Una figlia mezzo sangue, metà coreana e metà francese, incontrando nella pensione dove lavora, uno strano fumettista francese, se ne invaghisce non contraccambiata, tuttavia l'incontro le permetterà, forse, di comprendere meglio chi sia lei. Anche con questo film sono evidenti i due piani di lettura: la storia e la metafora. E' un film ambizioso, forse fin troppo. Alla questione identitaria (la protagonista è soprannominata spilungona per via dell'altezza, ma anche per le origini miste) si somma la questione della forma, del modellamento di corpo e mente. La ragazza è fidanzata con un quasi fotomodello che parla solo di interventi chirurgici per migliorare l'estetica, ci va a letto senza troppo trasporto. Di giorno lavora come tuttofare per una modesta pensione, una vita al limite dello squallore noioso di una cittadina di confine. Il confine è la linea demilitarizzata da est a ovest che divide la Corea in due, ma la linea è anche quella del corpo (ci sono varie scene interessanti su corpi, curve e specchi), oppure le linee tracciate dal fumettista (poca roba visibile a dire il vero), ma soprattutto le linee immaginate, forse sognate, dalla protagonista che nel film vengono visualizzate sottoforma di brevi animazioni.

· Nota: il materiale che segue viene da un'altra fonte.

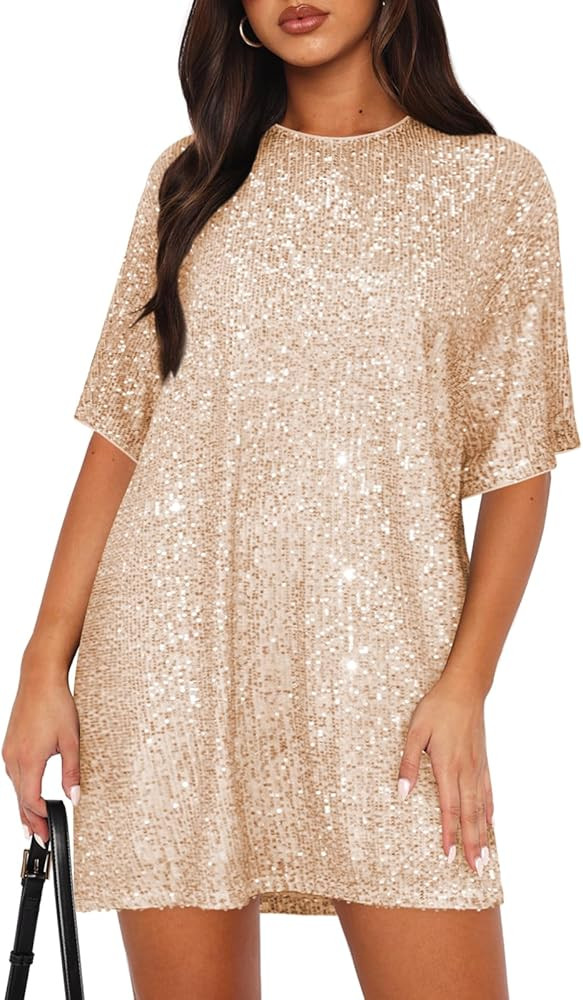Women's Crew Neck Sequin Dress for Women Sexy V Neck Shirt Dress Sparkly Half Sleeve Loose Party ... | Amazon (US)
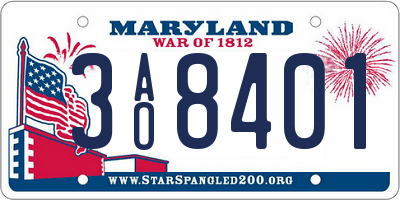 MD license plate 3AO8401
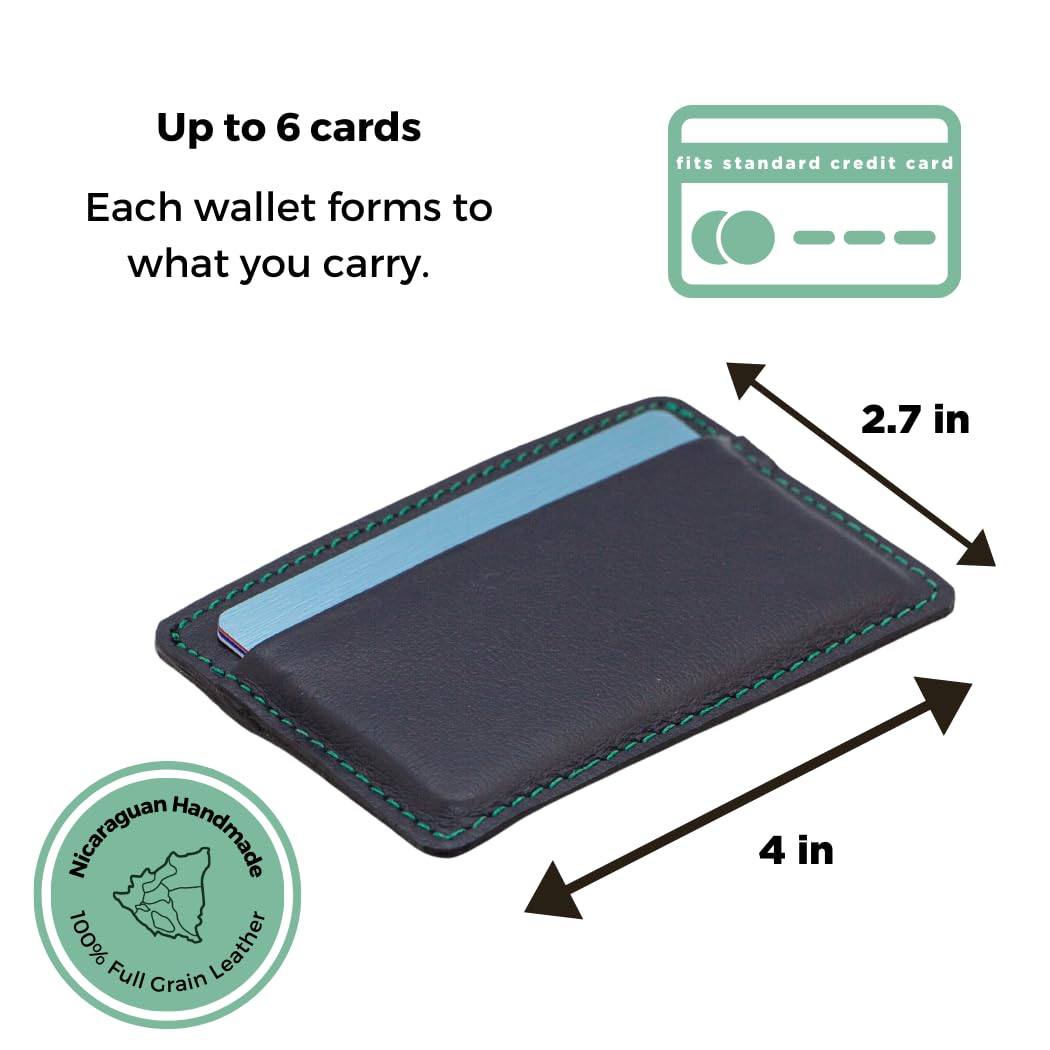 TWIN ENGINE COFFEE Handcrafted Leather Minimalist Wallet/Card Holder Wallet with 6 card capacity and cash pocket/Hand Stitched Top Grain/Slim/Perfect Gift/Men’s and Women’s/Origin Creations (Purple)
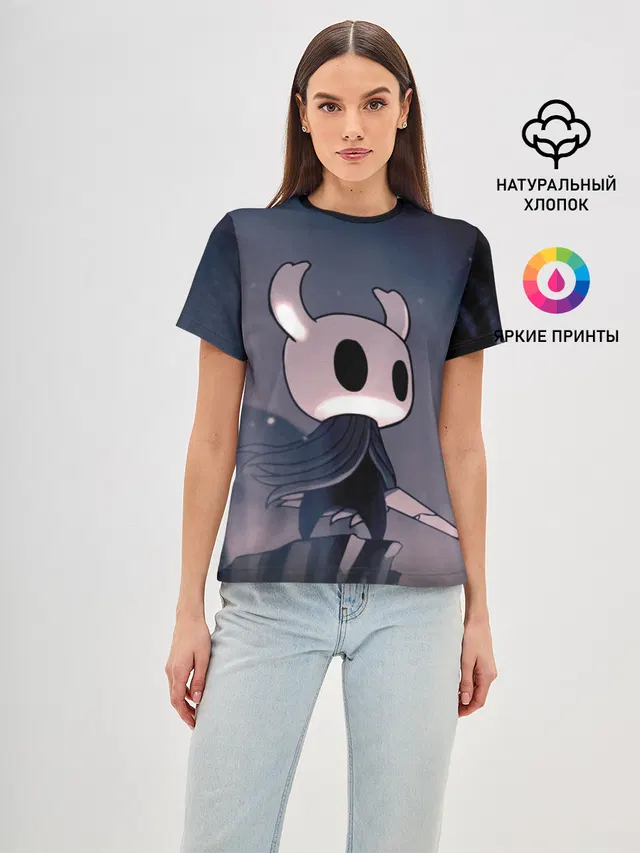 Женская базовая футболка с принтом «Nail — Рыцарь - HOLLOW KNIGHT»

L'incontro tra queste due anime, porta lentamente a rafforzare il desiderio nella ragazza di procedere per la propria direzione, indossando gli occhiali che tutti le suggeriscono di eliminare facendosi l'operazione della miopia. Insomma, carne al fuoco ce n'è, e la matassa va sbrogliata. Interessante che la regia sia di un regista franco-giapponese che decide di girare un film in Corea e non in patria. Siamo cittadini del mondo, ma non sempre è così semplice vivere queto mondo e con tutta probabilità abbiamo bisogno di occhuiali per nasconderci dietro ma anche per oasservare meglio la realtà. E finora il cinema è ancora fondamentalmente una lente che permette di raccontare storie e vite. Un buon film, che forse andava limato di più e depurato da qualche cliquet di troppo, ottime musiche.
 
 

Past Lives

di Celine Song, USA 2023, 106'
 
 
Di questo film ho già parlato in un altro post. Qui è tutto esplicito, una vicenda di perdita delle proprie origini coreane per poi ritrovarle pur nelle difficoltà di un quasi menage a trois tra Asia e America. Rispetto ai film precedenti c'è una rtificiosità che per me risulta fastidiosa, di maniera. frutto forse delle condizioni privilegiate dell'autrice che non le permettono, credo, di scendere dal piedistallo della forma (e del privilegio).  Detto questo anche in questo film c'è il tentativo di sintesi tra due mondi e due modi di essere.